Combining Cephalid Illusion with either Shuko or Lightning Greaves lets you mill your entire library by continually reequipping the same creature over and over. Shuko has the advantage of costing just one, but Lightning Greaves is particularly nice with Hermit Druid. Giving it haste can speed your kill up in a turn in many circumstances, but you do need another creature in play to combo off due to shroud.

Once we mill our deck with Hermit Druid or Cephalid Illusionist, we put all of our Narcomoebas into play, Cabal Therapy to make sure we’re good to go, and Dread Return back The Mimeoplasm, exiling Lord of Extinction and Triskelion. The Mimeoplasm will end up with 40 or 50 +1/+1 counters and have Triskelion’s ability to shoot the opponent with them.
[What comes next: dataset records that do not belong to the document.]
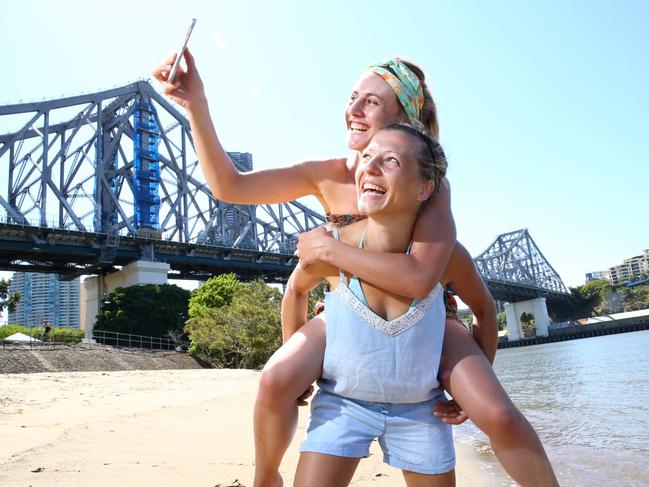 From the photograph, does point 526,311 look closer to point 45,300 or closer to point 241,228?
point 241,228

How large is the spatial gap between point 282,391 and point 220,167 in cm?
73

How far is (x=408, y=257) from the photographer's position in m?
1.55

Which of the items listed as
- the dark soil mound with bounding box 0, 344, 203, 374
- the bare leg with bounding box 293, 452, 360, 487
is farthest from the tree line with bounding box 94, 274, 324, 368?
the bare leg with bounding box 293, 452, 360, 487

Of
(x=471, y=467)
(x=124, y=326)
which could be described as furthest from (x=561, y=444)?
(x=124, y=326)

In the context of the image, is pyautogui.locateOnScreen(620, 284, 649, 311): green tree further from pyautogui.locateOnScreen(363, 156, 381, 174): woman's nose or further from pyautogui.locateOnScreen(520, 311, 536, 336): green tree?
pyautogui.locateOnScreen(363, 156, 381, 174): woman's nose

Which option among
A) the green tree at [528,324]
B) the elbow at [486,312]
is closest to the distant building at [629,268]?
the green tree at [528,324]

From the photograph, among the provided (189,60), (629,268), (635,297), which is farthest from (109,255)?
(629,268)

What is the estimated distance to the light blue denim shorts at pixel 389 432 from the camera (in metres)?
1.63

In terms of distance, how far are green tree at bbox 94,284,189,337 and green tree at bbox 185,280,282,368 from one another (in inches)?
421

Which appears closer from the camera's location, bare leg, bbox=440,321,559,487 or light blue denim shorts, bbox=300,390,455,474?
bare leg, bbox=440,321,559,487

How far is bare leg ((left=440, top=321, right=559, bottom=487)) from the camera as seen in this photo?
1.53 metres

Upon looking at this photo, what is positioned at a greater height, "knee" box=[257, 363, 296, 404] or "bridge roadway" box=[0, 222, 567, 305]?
"bridge roadway" box=[0, 222, 567, 305]

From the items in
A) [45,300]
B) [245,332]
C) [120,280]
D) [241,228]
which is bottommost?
[245,332]

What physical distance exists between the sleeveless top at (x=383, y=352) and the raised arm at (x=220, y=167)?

Hermit Druid or Illusionist in play generally means we’ll have at least four creatures when we “go off,” which is important so that we can cast Cabal Therapy. While the previous list used it primarily to make sure the cost was clear, the Breakfast style of kill points it at itself quite often. You can’t actually combo off with The Mimeoplasm, Lord of Extinction, Triskelion, or Dread Return in your hand, so Therapy yourself and get down to business!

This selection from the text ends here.